Since drug use, violence and negative attitudes about drug abuse treatment
pervade prisons, work release centers can make rehabilitation difficult. The program
should separate participants from the rest of the correctional population. This enables
residents to create an atmosphere that encourages them to help themselves go about their
day-to-day jobs, meetings, recreational and social activities. They learn to take
responsibility for their actions, shed the negative patterns of thinking, feeling, and
behaving that contributed to their drug use. They acquire positive social attitudes and
behaviors that can help them achieve a responsible drug-free lifestyle.

The Drug Court program allows nonviolently, drug-addicted offenders to plead
guilty to charges and receive voluntary drug treatment instead of going to jail. This is a
community based sentencing and treatment program for those arrested for drug crimes.

Drug Courts use drug testing to ensure that program participants stay drug-free. They are
subject to sanctions for failing to comply with their treatment regimens and receive
incentives for progress. If they continue to fail to comply with all the program rules’ it will
result in expulsion from the program and incarceration. “Drug courts have a strong track
record showing how the influences of the courts help drug-addicted offenders
acknowledge their addiction, get treatment, and live better lives. A study conducted for
the state of California provides the most comprehensive cost-benefit examination to date
on the effectiveness of substance abuse treatment. Examining all treatment programs in the
state, researchers concluded that every dollar spent on treatment resulted in $7.00 savings
on reduced crime and health care cost.

Although these programs are not going to work for every single individual, it will
work for some, and it becomes obvious that by not sending back just one person to
prison, we save $21,470.00 for the housing of an inmate for one year, and also giving that
individual back their life.

The bottom line is, that by having rehabilitation in prisons and using the Drug
Courts as an incentive, it pays in lower recidivism. We can reduce crime and lower cost
for incarceration. There will be fewer broken families. Thus, there will be less use of
welfare and social services. This will decrease prison crowding, and avoid new prison

I feel that we also need to improve on remedial education within the prison system.

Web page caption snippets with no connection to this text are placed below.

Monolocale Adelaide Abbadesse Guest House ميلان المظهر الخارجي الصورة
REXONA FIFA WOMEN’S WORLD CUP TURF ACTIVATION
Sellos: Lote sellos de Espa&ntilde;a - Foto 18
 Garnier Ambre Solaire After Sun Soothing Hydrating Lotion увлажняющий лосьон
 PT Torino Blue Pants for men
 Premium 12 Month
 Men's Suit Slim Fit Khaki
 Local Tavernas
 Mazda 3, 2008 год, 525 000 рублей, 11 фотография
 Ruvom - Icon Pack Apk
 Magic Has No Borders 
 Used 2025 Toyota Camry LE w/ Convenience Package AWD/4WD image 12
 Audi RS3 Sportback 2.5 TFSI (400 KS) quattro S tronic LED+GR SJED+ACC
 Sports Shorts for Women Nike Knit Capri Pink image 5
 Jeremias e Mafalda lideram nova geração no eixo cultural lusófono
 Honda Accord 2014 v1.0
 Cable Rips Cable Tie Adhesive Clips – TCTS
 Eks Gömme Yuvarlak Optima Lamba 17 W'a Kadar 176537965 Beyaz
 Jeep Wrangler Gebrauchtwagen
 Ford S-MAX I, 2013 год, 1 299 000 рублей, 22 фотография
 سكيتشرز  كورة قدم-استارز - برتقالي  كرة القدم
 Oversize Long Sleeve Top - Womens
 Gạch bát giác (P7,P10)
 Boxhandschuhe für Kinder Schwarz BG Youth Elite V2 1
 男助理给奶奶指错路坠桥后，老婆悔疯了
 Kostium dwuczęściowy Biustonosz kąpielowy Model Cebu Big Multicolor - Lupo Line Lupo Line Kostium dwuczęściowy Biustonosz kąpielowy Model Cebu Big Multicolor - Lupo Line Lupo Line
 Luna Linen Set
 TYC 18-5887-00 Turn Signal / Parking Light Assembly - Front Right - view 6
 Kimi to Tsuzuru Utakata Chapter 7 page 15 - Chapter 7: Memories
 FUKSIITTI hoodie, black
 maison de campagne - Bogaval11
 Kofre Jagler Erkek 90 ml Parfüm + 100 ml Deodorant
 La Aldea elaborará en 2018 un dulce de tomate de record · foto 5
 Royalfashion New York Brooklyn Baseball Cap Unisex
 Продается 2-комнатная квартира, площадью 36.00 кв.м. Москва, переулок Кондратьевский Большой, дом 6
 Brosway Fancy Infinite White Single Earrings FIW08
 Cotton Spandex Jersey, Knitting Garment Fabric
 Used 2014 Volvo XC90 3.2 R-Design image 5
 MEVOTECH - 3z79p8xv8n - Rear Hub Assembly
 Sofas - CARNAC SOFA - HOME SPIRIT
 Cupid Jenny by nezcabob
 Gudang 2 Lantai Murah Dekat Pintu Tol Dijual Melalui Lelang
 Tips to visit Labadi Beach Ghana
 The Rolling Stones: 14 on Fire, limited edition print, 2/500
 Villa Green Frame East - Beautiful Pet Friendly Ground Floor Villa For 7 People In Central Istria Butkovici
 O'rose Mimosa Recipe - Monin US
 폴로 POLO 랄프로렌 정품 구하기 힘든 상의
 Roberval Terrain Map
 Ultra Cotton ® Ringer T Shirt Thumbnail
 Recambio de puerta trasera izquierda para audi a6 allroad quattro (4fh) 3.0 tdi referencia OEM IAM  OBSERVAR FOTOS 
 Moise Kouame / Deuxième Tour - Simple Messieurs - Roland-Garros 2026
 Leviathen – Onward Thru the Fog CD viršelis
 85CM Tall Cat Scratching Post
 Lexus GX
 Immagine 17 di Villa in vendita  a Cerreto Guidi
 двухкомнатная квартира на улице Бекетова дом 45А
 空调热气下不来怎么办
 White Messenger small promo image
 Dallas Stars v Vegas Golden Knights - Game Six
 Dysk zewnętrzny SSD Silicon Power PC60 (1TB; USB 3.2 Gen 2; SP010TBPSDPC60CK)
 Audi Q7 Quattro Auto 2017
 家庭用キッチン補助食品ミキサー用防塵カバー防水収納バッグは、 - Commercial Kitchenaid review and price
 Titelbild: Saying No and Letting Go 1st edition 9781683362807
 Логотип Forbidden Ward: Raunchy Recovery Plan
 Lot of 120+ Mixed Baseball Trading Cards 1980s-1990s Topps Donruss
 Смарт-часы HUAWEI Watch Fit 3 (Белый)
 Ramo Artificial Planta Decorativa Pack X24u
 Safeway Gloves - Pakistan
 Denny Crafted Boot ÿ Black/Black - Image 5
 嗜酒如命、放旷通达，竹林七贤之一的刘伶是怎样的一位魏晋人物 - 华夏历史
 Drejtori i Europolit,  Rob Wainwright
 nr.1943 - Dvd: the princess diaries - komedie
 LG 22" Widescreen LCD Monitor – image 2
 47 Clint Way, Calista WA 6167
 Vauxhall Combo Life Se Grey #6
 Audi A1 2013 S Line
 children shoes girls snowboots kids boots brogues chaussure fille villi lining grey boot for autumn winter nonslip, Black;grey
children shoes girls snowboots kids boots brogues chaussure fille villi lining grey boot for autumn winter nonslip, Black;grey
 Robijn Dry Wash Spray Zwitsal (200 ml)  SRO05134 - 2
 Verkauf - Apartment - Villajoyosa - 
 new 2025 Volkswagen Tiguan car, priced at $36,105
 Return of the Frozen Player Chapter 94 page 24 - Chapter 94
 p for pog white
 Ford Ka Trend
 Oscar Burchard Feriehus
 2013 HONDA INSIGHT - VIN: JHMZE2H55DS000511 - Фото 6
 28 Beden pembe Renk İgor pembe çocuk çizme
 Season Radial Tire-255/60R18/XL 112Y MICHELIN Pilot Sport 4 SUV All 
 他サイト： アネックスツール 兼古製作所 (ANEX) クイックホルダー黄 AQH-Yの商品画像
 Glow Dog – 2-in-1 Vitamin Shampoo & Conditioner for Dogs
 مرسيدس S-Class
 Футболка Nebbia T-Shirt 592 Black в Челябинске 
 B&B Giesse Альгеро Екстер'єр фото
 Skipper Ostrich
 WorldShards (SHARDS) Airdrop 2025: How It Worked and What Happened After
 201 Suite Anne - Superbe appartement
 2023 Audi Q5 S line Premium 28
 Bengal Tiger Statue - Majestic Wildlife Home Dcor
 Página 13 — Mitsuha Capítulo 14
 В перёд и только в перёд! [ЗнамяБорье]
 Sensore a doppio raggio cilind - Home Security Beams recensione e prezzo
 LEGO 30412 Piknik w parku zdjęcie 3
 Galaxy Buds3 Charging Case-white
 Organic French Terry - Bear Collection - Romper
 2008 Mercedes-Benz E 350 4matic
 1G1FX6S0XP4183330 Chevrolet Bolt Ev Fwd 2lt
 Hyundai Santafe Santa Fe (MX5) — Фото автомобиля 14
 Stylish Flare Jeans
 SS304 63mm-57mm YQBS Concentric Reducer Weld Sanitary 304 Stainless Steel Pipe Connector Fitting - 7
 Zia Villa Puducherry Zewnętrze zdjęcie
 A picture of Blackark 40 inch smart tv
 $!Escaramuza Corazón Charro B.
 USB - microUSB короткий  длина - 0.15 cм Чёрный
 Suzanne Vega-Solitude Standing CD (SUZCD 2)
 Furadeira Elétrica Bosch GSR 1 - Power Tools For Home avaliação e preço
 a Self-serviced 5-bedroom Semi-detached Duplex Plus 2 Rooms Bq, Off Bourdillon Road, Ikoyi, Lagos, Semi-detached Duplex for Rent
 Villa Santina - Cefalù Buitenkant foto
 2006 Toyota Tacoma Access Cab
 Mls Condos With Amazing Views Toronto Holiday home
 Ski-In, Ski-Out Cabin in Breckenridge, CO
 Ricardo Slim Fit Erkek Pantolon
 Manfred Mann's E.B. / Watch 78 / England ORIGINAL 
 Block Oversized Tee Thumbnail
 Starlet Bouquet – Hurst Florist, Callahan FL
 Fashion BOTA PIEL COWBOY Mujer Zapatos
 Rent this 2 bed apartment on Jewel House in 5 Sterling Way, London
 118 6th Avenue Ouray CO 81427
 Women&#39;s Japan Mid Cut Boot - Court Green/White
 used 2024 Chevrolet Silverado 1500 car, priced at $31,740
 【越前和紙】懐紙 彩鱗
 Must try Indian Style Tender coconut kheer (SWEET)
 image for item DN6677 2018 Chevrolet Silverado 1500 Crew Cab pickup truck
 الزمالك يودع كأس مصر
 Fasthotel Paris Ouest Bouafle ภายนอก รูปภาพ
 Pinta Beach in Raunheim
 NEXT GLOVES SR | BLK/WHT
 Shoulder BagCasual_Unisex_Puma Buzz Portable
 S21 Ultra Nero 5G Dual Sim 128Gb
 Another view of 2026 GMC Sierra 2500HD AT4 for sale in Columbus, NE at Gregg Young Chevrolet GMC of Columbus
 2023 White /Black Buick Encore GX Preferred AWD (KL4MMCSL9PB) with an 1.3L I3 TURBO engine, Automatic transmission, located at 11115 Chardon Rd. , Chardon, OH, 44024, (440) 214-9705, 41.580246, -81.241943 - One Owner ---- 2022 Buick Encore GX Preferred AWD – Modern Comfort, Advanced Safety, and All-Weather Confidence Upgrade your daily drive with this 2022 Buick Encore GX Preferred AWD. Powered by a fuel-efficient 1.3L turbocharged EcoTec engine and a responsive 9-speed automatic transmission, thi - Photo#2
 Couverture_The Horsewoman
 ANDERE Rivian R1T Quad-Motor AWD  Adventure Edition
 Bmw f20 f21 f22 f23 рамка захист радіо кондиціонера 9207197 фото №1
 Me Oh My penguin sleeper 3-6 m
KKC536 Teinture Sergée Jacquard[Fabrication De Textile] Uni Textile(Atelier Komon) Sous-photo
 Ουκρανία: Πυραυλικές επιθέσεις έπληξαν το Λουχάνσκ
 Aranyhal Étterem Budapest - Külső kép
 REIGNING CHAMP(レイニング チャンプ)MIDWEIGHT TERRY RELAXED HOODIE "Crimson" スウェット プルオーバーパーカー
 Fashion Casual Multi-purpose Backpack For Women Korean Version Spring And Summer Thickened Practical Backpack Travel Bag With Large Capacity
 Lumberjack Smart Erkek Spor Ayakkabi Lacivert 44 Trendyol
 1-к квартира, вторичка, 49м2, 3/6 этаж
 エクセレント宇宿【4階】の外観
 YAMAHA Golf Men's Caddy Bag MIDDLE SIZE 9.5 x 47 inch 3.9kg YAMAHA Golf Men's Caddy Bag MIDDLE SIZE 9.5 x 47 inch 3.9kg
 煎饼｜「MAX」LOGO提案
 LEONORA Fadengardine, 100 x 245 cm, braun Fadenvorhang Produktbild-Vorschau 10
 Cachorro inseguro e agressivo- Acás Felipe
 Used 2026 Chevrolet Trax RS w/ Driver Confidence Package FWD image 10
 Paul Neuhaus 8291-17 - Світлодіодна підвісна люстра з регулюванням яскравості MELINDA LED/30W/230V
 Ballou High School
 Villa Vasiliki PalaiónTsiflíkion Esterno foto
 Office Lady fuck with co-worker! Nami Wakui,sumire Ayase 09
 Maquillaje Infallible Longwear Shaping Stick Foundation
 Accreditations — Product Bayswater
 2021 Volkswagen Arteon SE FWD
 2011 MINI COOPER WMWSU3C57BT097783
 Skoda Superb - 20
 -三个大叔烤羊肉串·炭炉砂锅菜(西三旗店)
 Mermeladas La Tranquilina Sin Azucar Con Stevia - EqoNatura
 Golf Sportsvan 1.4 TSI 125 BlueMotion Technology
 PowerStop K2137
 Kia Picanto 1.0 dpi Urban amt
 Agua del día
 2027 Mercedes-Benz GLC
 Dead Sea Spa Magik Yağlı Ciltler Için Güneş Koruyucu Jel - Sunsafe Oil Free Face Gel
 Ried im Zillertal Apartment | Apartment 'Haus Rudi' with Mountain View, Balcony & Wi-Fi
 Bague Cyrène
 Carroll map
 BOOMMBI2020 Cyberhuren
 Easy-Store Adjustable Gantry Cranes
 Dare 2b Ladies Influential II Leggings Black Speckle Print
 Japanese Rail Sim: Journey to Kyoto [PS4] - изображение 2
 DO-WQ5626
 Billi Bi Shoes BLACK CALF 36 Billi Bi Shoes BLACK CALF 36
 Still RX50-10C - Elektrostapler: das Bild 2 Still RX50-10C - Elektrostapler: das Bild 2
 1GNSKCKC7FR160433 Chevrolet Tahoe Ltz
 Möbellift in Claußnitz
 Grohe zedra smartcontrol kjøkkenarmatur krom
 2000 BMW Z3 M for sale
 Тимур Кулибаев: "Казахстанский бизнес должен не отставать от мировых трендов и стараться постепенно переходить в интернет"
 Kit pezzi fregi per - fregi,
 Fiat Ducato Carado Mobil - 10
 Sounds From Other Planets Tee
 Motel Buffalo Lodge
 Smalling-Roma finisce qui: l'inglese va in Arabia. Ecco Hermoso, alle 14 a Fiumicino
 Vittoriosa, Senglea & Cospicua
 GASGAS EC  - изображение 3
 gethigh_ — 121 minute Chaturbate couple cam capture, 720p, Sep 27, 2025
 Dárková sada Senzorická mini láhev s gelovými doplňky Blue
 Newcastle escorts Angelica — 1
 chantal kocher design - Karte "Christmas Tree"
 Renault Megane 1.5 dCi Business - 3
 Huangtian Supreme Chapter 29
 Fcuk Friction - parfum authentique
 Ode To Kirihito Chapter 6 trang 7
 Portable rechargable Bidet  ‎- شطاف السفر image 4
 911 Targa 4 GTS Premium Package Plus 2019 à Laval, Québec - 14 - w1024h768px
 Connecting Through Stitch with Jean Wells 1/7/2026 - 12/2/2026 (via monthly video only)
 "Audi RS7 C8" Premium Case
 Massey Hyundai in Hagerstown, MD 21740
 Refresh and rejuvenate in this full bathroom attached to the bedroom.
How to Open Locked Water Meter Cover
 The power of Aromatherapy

California correctional survey reports, 19% of state inmates have less than an 8th grade
education. 78% have not completed high school. 40% cannot read and up to 80% may
have learning disabilities. We definitely have an urgent need for effective remedial
education. Also, we need to teach job skills that would be beneficial to each individual.

The final outcomes of rehabilitation, are discipline, drug and alcohol treatment, education,
employment, restitution, community service and counseling, which will benefit inmates.

This will help them to create a better life when released.